Ovation - System Building the WTF way



  • Emerson has a product called Ovation, which is a distributed control system for plants of all kinds. It's similar to the .NET Framework in that they do the boring stuff for you (runtime, hardware, development environment, servers, etc.) and you fill in the more specific bits of the application yourself. Part of my job involves creating, reviewing, and approving changes to the software of the various plants that use this system (all of them). It works well enough to create plant control systems, but we're not here to extoll the good things about software, right?

    WTF #1: The install process.

    Creating an Ovation workstation is a rather lengthy and error-prone process. First you have to install a fresh Windows Server 2008 on the computer you'll be using. Then you run updates to get all the security patches. Then you install Ovation, which (a) takes half a day, (b) asks you for information like computer name and IP address, stuff it could look up itself, and (c) installs Java for some reason. Then you install all the Ovation security patches which takes up the second half of the day. Finally, you are ready to open the Developer Studio and start configuring what hardware you have hooked up to where. Which is where the problems start. For example, if you typed in an incorrect computer name earlier, Ovation won't be able to communicate with any hardware. There's no setting for it, either; a reinstall is necessary, which loses you another day.
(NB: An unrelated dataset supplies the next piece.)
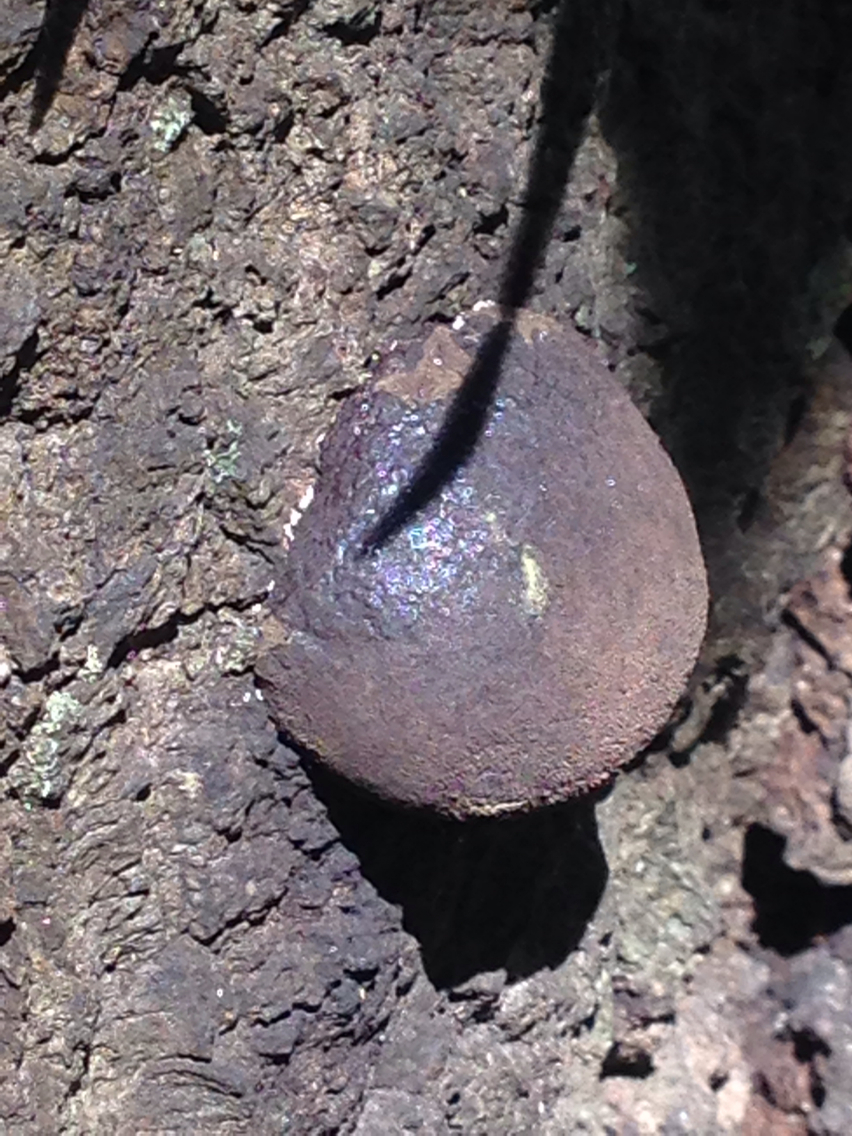 Annulohypoxylon image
    We just spent two and a half weeks upgrading our development workstation to the new version of Ovation. For whatever reason, the software wasn't able to properly locate and communicate with the hardware. The support group's solution for this in almost every case was to wipe the machine and start again since they didn't know what was wrong. So after about 5 OS wipes and reinstalls they told us to use the previous version of the Ovation security patches, which so far everything seems to be working. So who tested these patches and determined that they were ready to be released?
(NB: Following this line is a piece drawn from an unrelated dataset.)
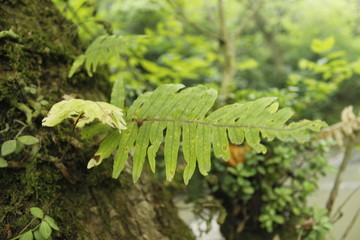 Nature1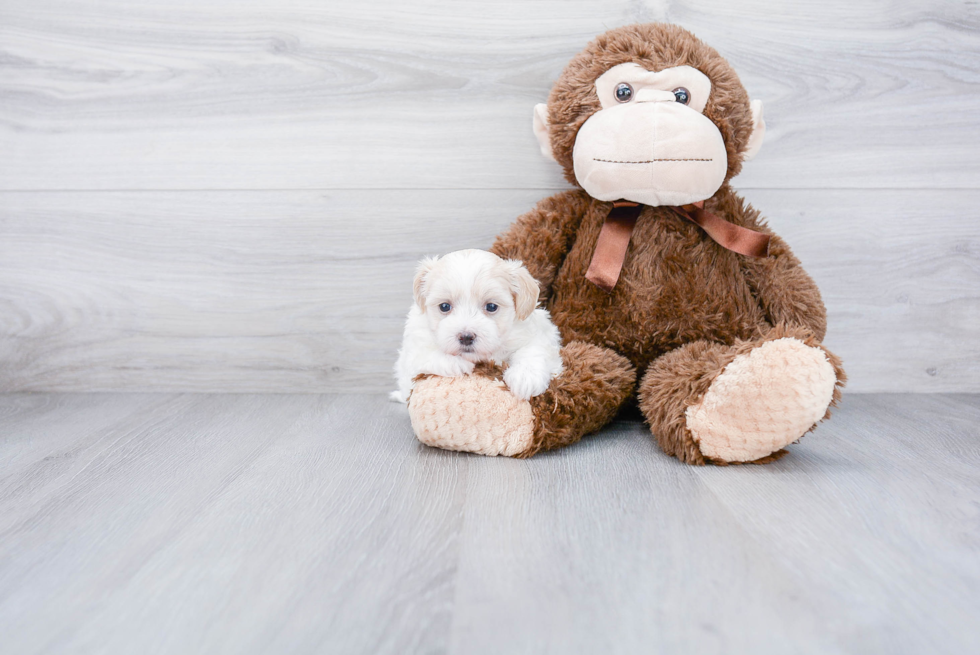 Maltipoo Puppy for Adoption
    WTF #2: The development environment.

    Ovation is like LabVIEW in that it was written by a bunch of EEs who were filled with the strange desire to take the nice abstraction of computer languages and turn it into something that would be completely unreadable and unmaintainable and waste the time of engineers everywhere. By that I mean that you "program" by dragging little boxes onto a canvas then drawing little lines to connect outputs to inputs so that it's almost like building a circuit. There's some type checking so you don't connect the thing to the wrong thing, but you can easily circumvent this by making the connection first then specifying what variable flows along it later. As you can imagine, this makes the concept of types incredibly loose - there's barely even a visual distinction between wires carrying different types like in LabVIEW, just dotted lines for boolean signals and a solid line for everything else. Except that Ovation will sometimes change a solid line to a dotted line in certain situations.

    Also, since Ovation's distributed, in order to submit changes to the main system you have to take several unintuitive steps.

    1. Make changes and save the document to disk.
    2. "Load" the changes into your copy of the server, running on your machine.
    3. "Download" the changes onto the actual piece of hardware that runs the software.

    Nice and simple, eh? Oh, and doing these things in the wrong order will destroy your changes. There are other fun options too, like Clear (does it clear your local disk, local server, or the production hardware? Off to the documentation!), Import and Export (to/from what?), and others.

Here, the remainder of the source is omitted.